■ Exercise: Please output the listing below character for character and omit the images.

■ Recorded information:

-- Opening Marker --

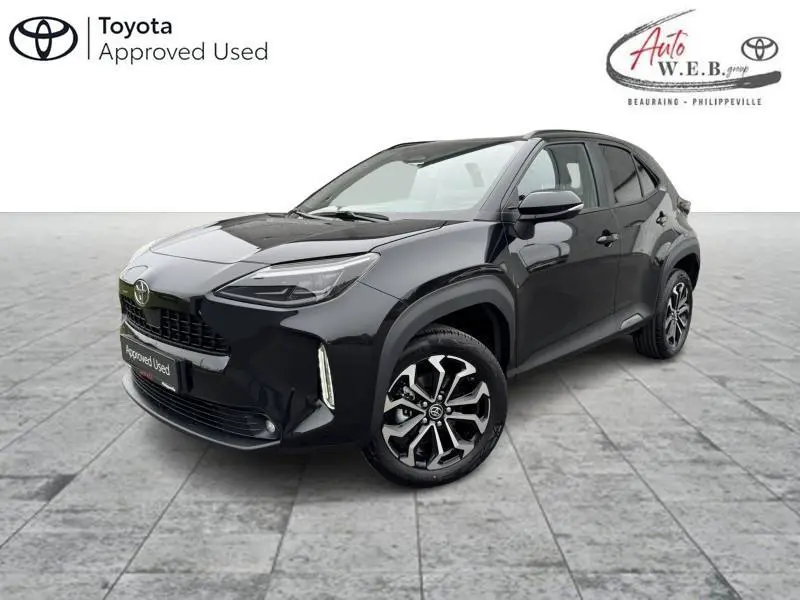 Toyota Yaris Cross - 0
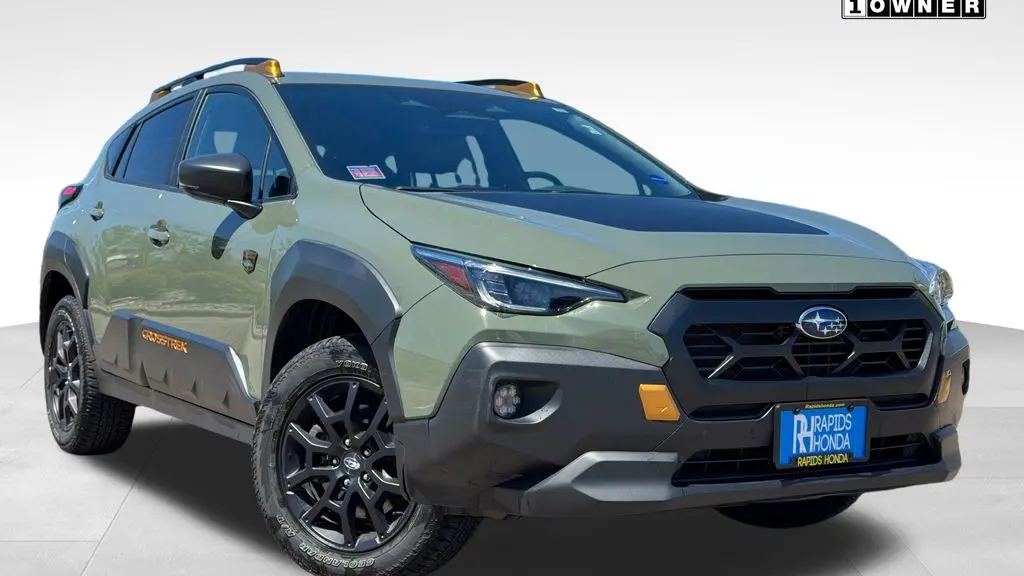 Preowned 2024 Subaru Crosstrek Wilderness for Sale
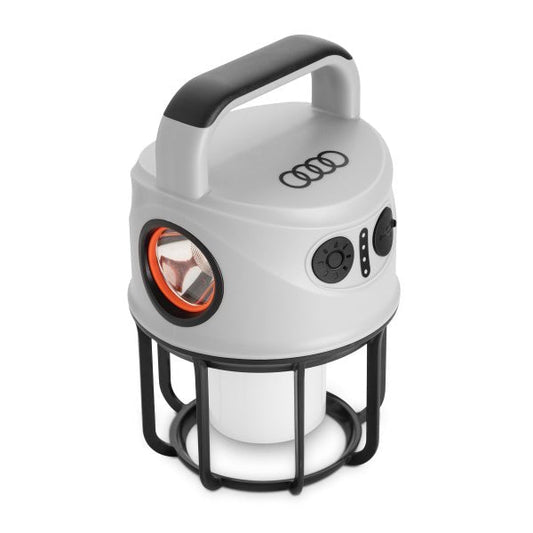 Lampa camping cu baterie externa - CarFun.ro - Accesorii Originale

-- Closing Marker --

■ Finished task:
 Toyota Yaris Cross - 0
 Preowned 2024 Subaru Crosstrek Wilderness for Sale
 Lampa camping cu baterie externa - CarFun.ro - Accesorii Originale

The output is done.